Ada Apa dengan Panitia?
Beberapa warga yang enggan disebutkan namanya mengaku kecewa dan curiga terhadap panitia. “Biasanya program pemerintah seperti ini biayanya tidak besar. Tapi di desa kami, kok biayanya tinggi dan tidak ada penjelasan rinci dari panitia? Kalau benar-benar bersih, kenapa mereka takut dikonfirmasi?” ujar salah satu warga.
Pernyataan Ketua Panitia yang dianggap arogan juga menjadi perbincangan hangat di kalangan masyarakat. Seorang tokoh masyarakat Desa Kedungrejo mengatakan, “Kalau panitia sampai bicara seperti itu, wajar kalau kami curiga ada yang disembunyikan. Kami mendesak pemerintah dan aparat untuk turun langsung memeriksa pelaksanaan PTSL di desa kami.”
Diduga Ada Praktik Curang di Balik Biaya PTSL
Berdasarkan regulasi yang berlaku, biaya program PTSL harus didasarkan pada hasil musyawarah desa dan diawasi oleh perangkat desa, tokoh masyarakat, serta lembaga sosial. Namun, pelaksanaan di Desa Kedungrejo justru terkesan tertutup, tanpa adanya transparansi atau pengumuman resmi terkait rincian penggunaan biaya.
Aktivis sosial dari Nganjuk, yang juga memantau program PTSL, menyebutkan bahwa biaya Rp600.000,- per bidang tanah jauh di atas rata-rata biaya yang ditetapkan di daerah lain.
“Jika ada perbedaan biaya yang signifikan, panitia wajib menjelaskan kepada masyarakat. Jika tidak, ini adalah bentuk penyalahgunaan wewenang yang harus diselidiki oleh aparat hukum,” tegasnya.
BPN dan Aparat Diminta Turun Tangan
Kasus ini semakin mencuat setelah kontrol sosial dari media dan LSM diabaikan oleh panitia PTSL Desa Kedungrejo. Masyarakat mendesak Badan Pertanahan Nasional (BPN) dan aparat penegak hukum untuk melakukan audit menyeluruh terhadap pelaksanaan PTSL di desa tersebut.
“Bukan hanya soal biaya, tetapi juga soal sikap panitia yang terkesan kebal hukum. Ini program pemerintah, tetapi dijalankan seperti milik pribadi. Jika ini dibiarkan, akan merusak kepercayaan masyarakat terhadap program pemerintah,” kata salah seorang aktivis.
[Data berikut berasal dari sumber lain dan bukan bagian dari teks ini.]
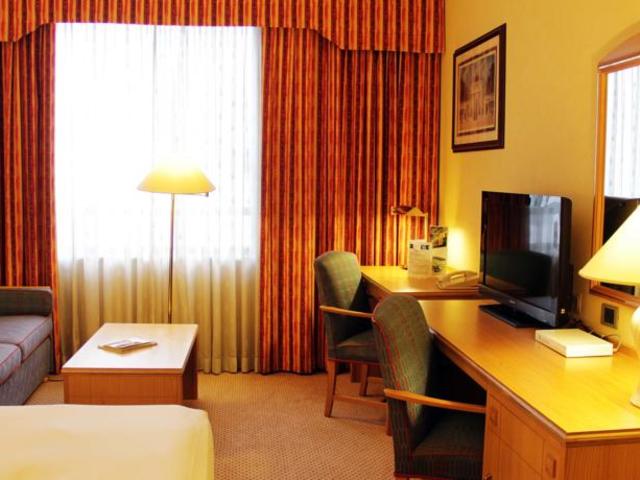 фотографии отеля IH Hotels Milano Lorenteggio (ex. Idea Hotel Milano Lorenteggio) изображение №7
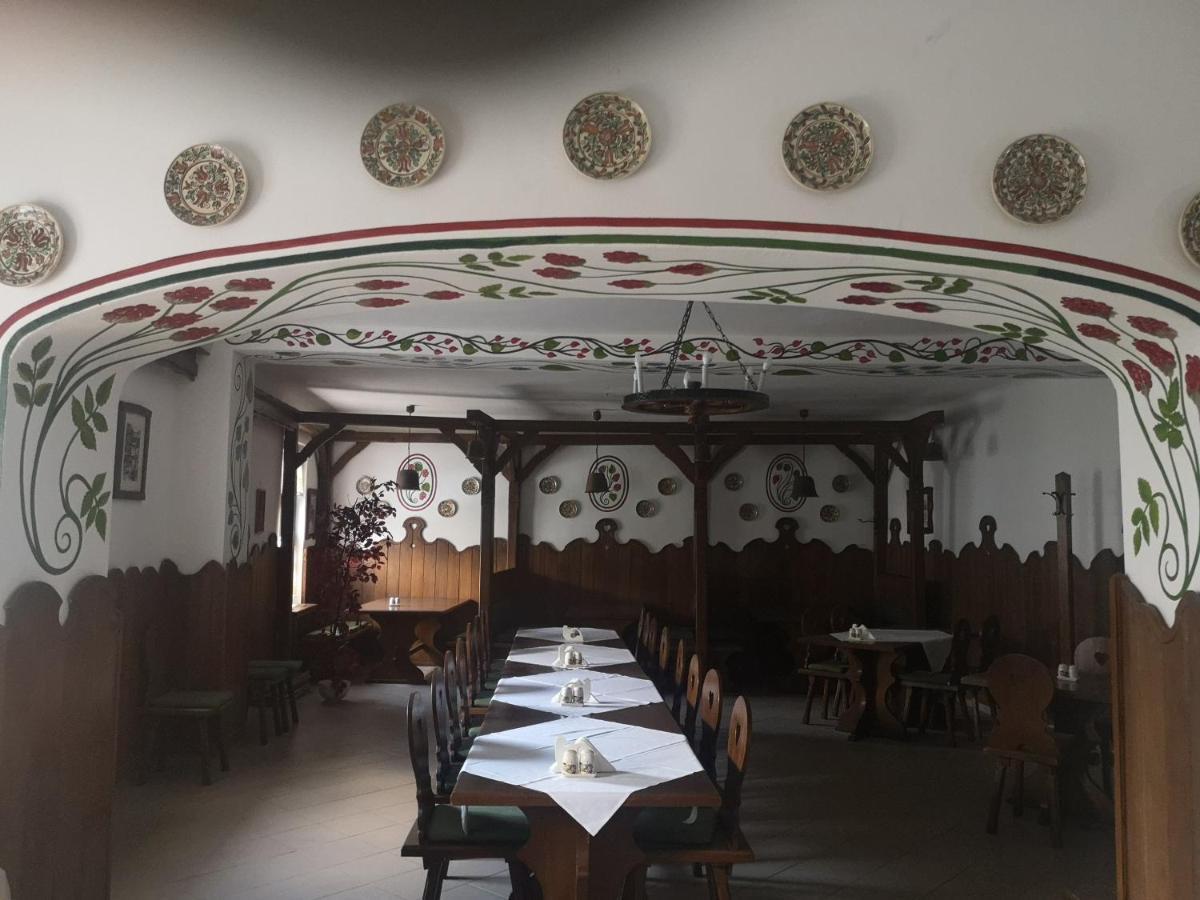 Bed and Breakfast Gomba Panzio Velem Zewnętrze zdjęcie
Jika dugaan penyimpangan ini tidak segera ditangani, pelaksanaan PTSL di Desa Kedungrejo bisa menjadi preseden buruk bagi program serupa di wilayah lain. Masyarakat yang semula antusias dengan program ini bisa kehilangan kepercayaan akibat ulah oknum panitia yang tidak bertanggung jawab.
Hingga berita ini diterbitkan, belum ada tanggapan resmi dari Ketua Panitia PTSL maupun perangkat Desa Kedungrejo. Kasus ini menjadi sorotan utama dan menunggu tindakan tegas dari pihak terkait.
Apakah masalah ini akan diusut tuntas, atau justru menjadi bukti lemahnya pengawasan dalam program pemerintah? Hanya waktu yang akan menjawab. (Sr)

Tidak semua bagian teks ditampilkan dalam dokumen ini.